- Purpose: evaluate autism in children ages 16–30 months

= Modified Checklist for Autism in Toddlers =

Childhood autism assessment questionnaire

The Modified Checklist for Autism in Toddlers (M-CHAT) is a psychological questionnaire that evaluates risk for autism spectrum disorder in children ages 16–30 months. The 20-question test is filled out by the parent, and a follow-up portion is available for children who are classified as medium- to high-risk for autism spectrum disorder. Children who score in the medium to high-risk zone may not necessarily meet criteria for a diagnosis. The checklist is designed so that primary care physicians can interpret it immediately and easily. The M-CHAT has shown fairly good reliability and validity in assessing child autism symptoms in recent studies.

== Question breakdown, scoring, and interpretation ==

The first section of the M-CHAT identifies 20 behavioral characteristics of the autism spectrum and asks if the child has experienced any of them. If the parent reports a sufficient number of characteristics for the child in this section, a follow-up form outlining specific questions pertaining to that characteristic would be administered by the researcher. It does not have to be completed for characteristics the child does not possess. The follow-up form asks questions based on a flow-chart format, ultimately categorizing the child as "pass" or "fail" for each characteristic.

===Domain breakdown===
For the first section, a response of "no" for all questions except 2, 5, and 12 indicate risk of autism spectrum disorder.

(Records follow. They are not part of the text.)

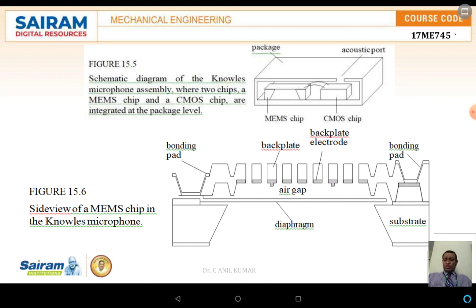The schematic diagram shows the MEMS chip and the CMOS chip incorporation. The lower figure shows the MEMS chip in the Knowles microphone, which consists of back plates. These back plates consist of air gaps and also have electrodes. The back plate is supported by means of a bonding pad. In front of the back plate, a diaphragm will be there, and this diaphragm will be in the vibration condition.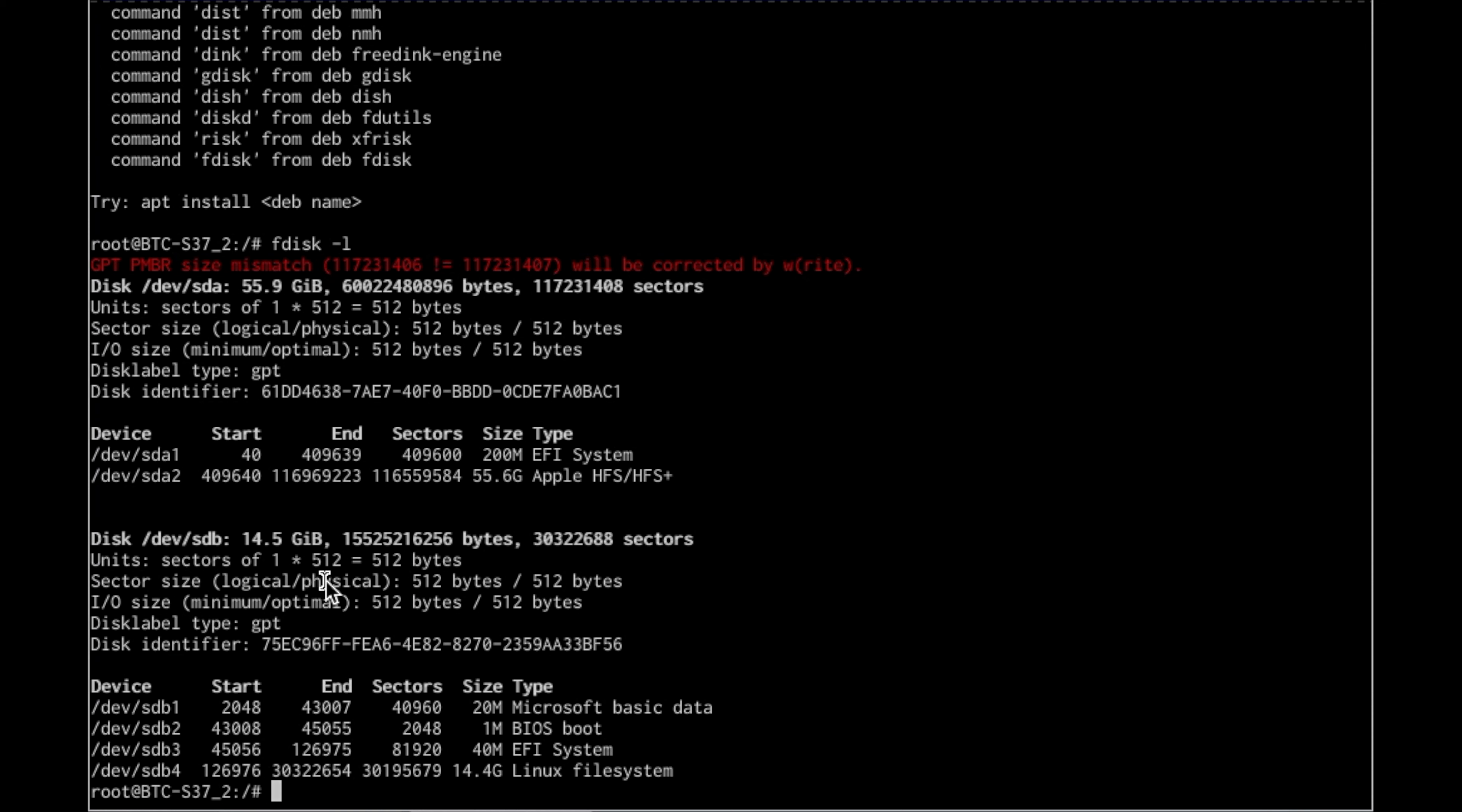Don't worry about that red error at the top because that one as you can see is the 56 AKA 60 gigabyte mSATA SSD that I just installed and I was waiting on that to come in so I had been running off the USB flash.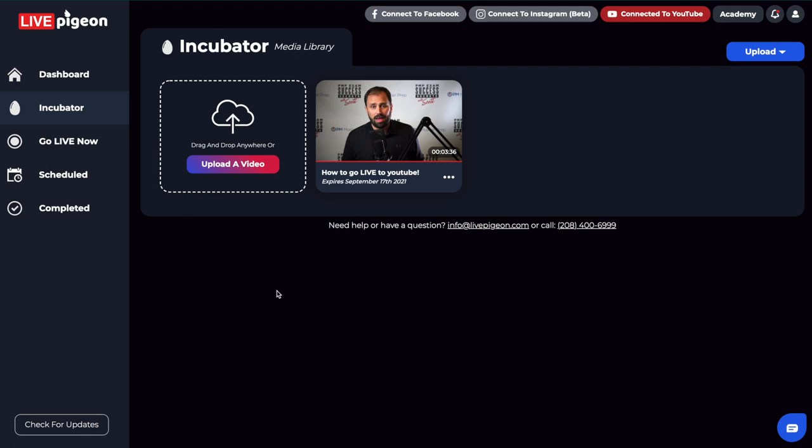Another thing that we like is if you are working in a team environment, let's say you have a video editor, you could give them your LivePigeon login, they could upload the video file into the incubator for you without having to be connected to your YouTube account or anything like that. And then when they say that it's in there and done, you can then come in here, you can play it back to make sure that is the right video. And then you can go ahead and connect to your YouTube account and then you can get this video scheduled.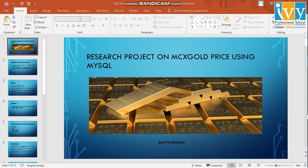Hi friends, this is Amit Sadu Khan. I am a student of IV Professional School and as part of a research project, I'll be doing a project on MCX Gold prices using MySQL.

A response of "yes" indicates ASD risk for the remaining three questions.

For the follow-up section, the flowchart format will direct the researcher in determining whether or not the child's behavior is suggestive of ASD. If the parent describes abnormal behavior, the child will fail that item.

=== Interpretation of subscale scores ===
A total score of 2 and below on the first part of the M-CHAT indicate low autism risk, but children under 24 months should nevertheless be tested again after their second birthday. A total score of 3–7 indicates medium risk and prompts administration of the follow-up form. Even with the follow-up form, some children who fail the M-CHAT will not be diagnosed with ASD, but may still be at risk for other developmental disorders. A total score of 8 or higher indicates high autism risk, and the follow-up form can be bypassed for immediate referral to a professional for diagnosis.

The follow-up form has its own scaling. If the child fails at least two items, the child should be referred to a professional for diagnosis.

== Psychometrics ==

=== Reliability and validity ===
The revised version of M-CHAT, known as the M-CHAT-R/F, has been demonstrated to have high validity and reliability for screening toddlers for autism spectrum disorder. It is a two part screening tool. The first stage stratifies children into 3 group- low risk, medium risk, and high risk. Children who are medium risk go to the second stage for further clarification. A child whose score was greater than 3 at the first screening and greater than 2 on the second screening had a 47.5% risk of being diagnosed with autism spectrum disorder.

== Limitations ==
The M-CHAT has the same problems as other self-report inventories, in that scores can be easily exaggerated or minimized by the person completing them. Like all questionnaires, the way the instrument is administered can have an effect on the final score. If a patient is asked to fill out the form in front of other people in a clinical environment, for instance, social expectations have been shown to elicit a different response compared to administration via a postal survey.

The M-CHAT is a screener for potential symptoms for autism spectrum disorder in children, and cannot be administered as a diagnostic tool. Many pediatricians have been found to underdetect cognitive and emotional/behavioral disorders in children. This underdetection is due to failure to use standardized test, reliance on clinical impressions, the restricted sample of behavior obtained, and the atypical behavior of children in a doctor's office.

Factors such as socioeconomic status and parent education level have been found to impact the generalizability of both the M-CHAT and the Checklist for Autism in Toddlers (CHAT) as a reliable and valid screener for children of all backgrounds.

== Controversies ==
Longitudinal studies suggest that the M-CHAT may be a poor screening tool for children 18 months of age and younger.